Construction of Adult Neuropils
A long-term goal is to link the early molecular expression in the secondary neurons to the circuits that they construct. We are initially concentrating on the thoracic leg neuropil because it is constructed de novo within the larval CNS, entirely from the secondary neurons. Seventeen hemilineages, two of which make just motor neurons, are exclusively devoted to making each neuropil, and these provide the classes of neurons that form the computational circuitry for the leg. This neuropil begins as a partitioned neuropil, with the endings from each hemilineage occupying exclusive domains within the forming structure. Boundaries between hemilineages are maintained until the start of metamorphosis, when steroid signals cause exuberant sprouting of the immature neurons and the partitions disappear. An important question is how the neighbors at partition boundaries relate to the final synaptic partners. It would be exciting if the initial contacts in the early developing neuropil prefigure the major synaptic partners seen in the mature CNS.
We think that the leg neuropil provides an excellent opportunity to understand the rules that govern the construction of a complex neuropil that deals with information flow from sensory processing to motor patterning. By using the GAL4 lines described above, we will be able to alter the numbers and/or properties of each class of neuron in the leg control circuit selectively and then use behavioral and imaging approaches to assess the effects on leg movement. In collaboration with Julie Simpson (HHMI, JFRC), we will then move this approach into the adult brain.
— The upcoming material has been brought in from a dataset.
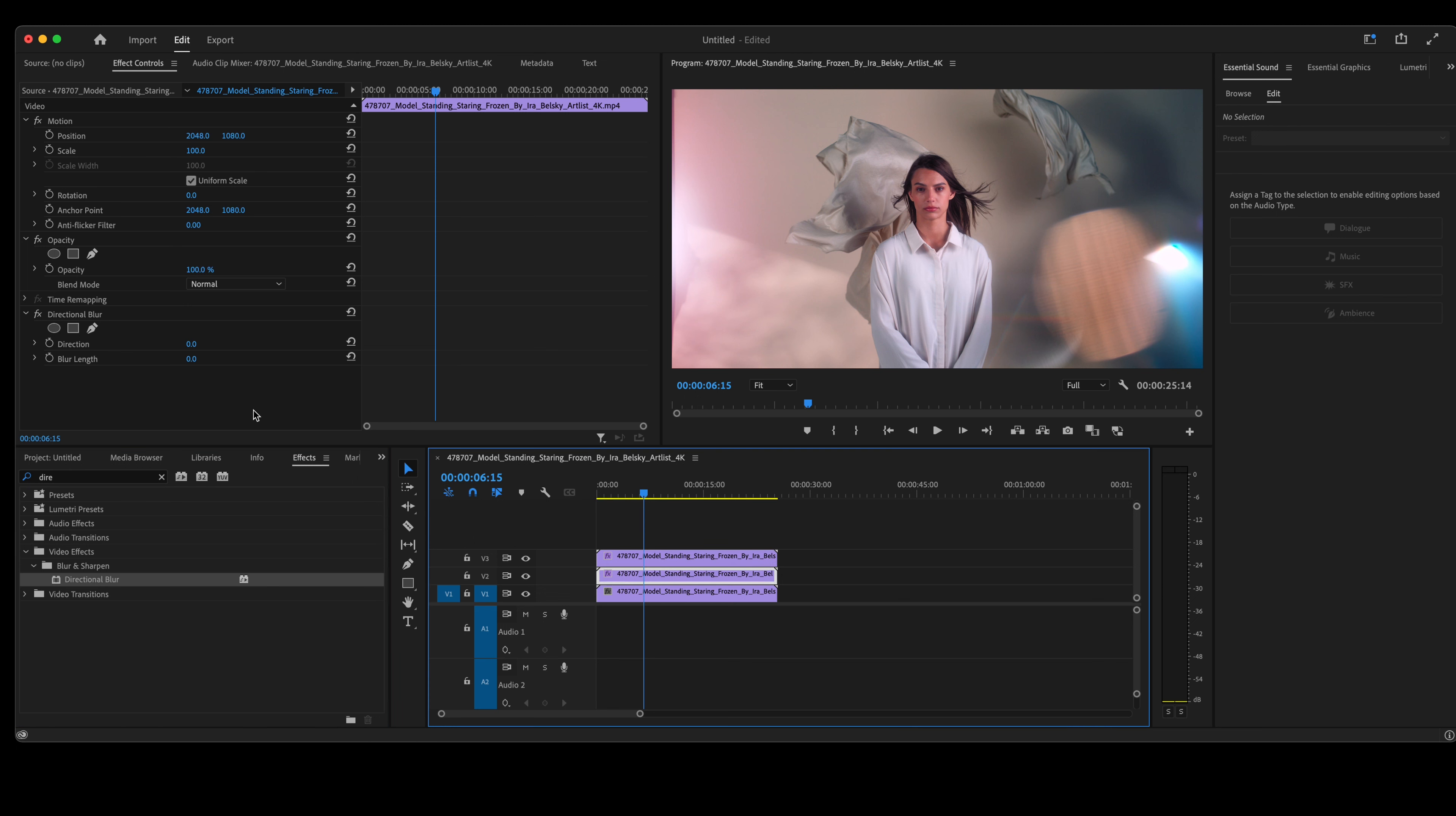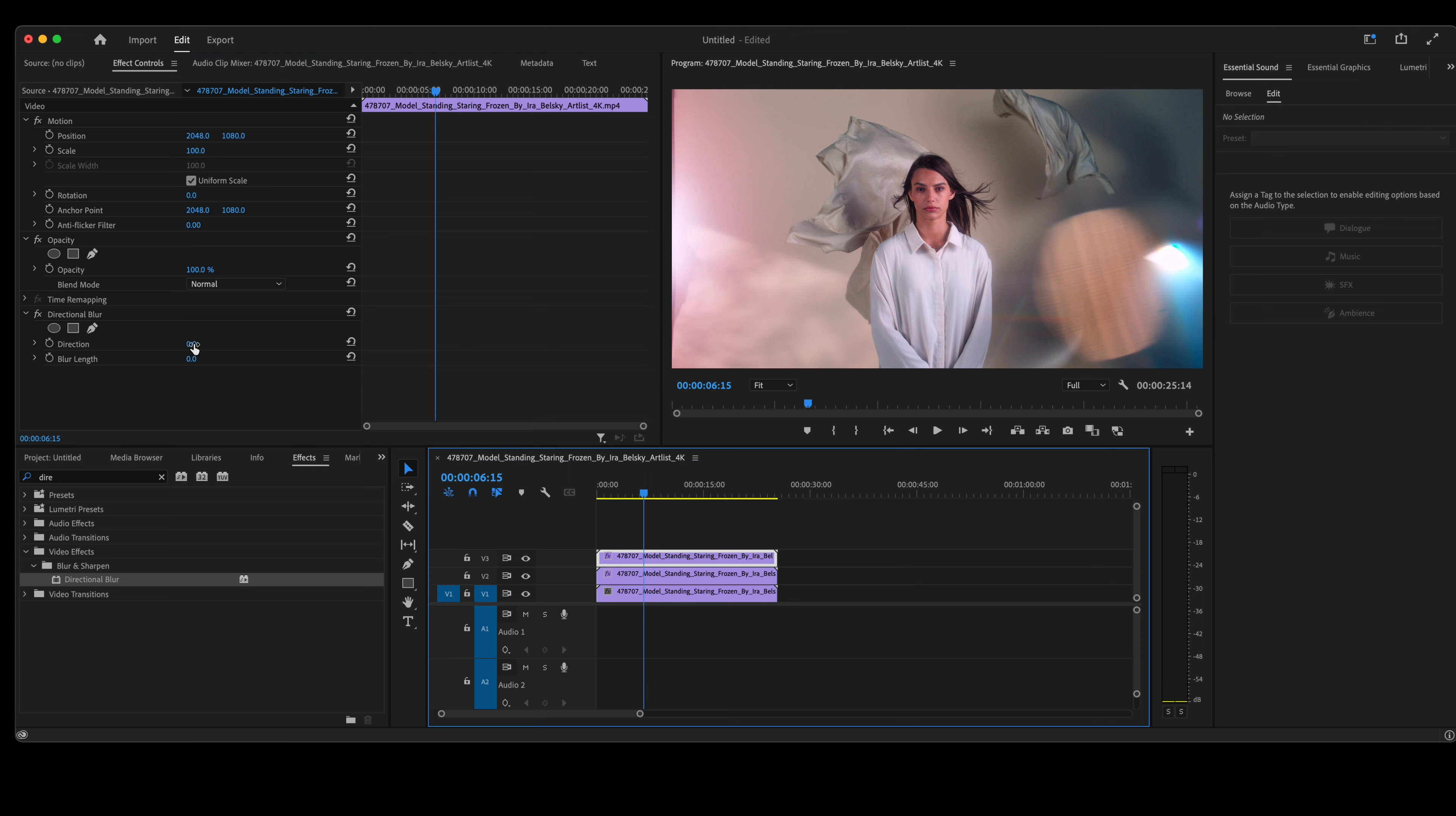Highlight that first clip, go up to direction, type in 30 for blur length. Now for that second clip.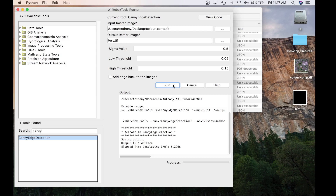Now we're going to transition to how to download and activate the license using the Whitebox Python and Jupyter frontend. I will specifically be focusing on the Whitebox Python frontend, but this information is transferable to the Jupyter frontend as well. I have provided all links in the description to each frontend and how to download them. If you have any questions on that, see the links below.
Macro- and Microevolution of the CNS
By focusing on the hemilineages, we can assess individual variation in the neuronal composition in the CNS and how this variation may relate to behavior. Since we think that the secondary neurons in a given class have broadly overlapping functions, alterations in the numbers of these neurons would likely increase or decrease the temporal and spatial computation within the network to which they belong. As we complete the collection of molecular markers for each hemilineage, we can ask, how constant is the number of neurons generated by a given stem cell? Do numbers change with fly populations or in response to environmental factors during the larval growth? How does this variation relate to function? For example, if flies have been selected for faster running, do we see increased numbers of neurons in the leg-related hemilineages, but no change in numbers in the flight-related hemilineages?
We are also interested in broader issues relating to the evolution and diversification of the CNS. After we characterize the neurons made in each of the hemilineages in Drosophila, we can then ask how stable these phenotypic classes have been through evolution. Do the neurons that are made by the homologous stem cells in other insects, such as moths, beetles, and bees, have the same pattern of initial projections and the same transmitter phenotypes as seen in the fly? For the lineages that differ significantly, we would be interested in how this difference is reflected in molecular expression, especially of core GMC, lineage, and hemilineage genes. If there are molecular differences (e.g., the moth lineage has a transcription factor that is not expressed in the homologous fly lineage, or vice versa), can we then go to Drosophila to make the appropriate molecular changes and produce moth-type neurons in the fly CNS?
We are also intrigued by our finding that the fly makes a number of classes of secondary neurons that all die. We suspect that these neuronal classes are used in basal insects but are lost in the highly derived CNS of Drosophila. Can we find these neurons in other insects, and what are their phenotypes and function? Although they are not normally present in flies, we can study their function in Drosophila by genetically blocking their death. Do they then become incorporated into the adult circuitry, and, if so, how does their presence impact the development and functioning of other lineages and of the CNS as a whole?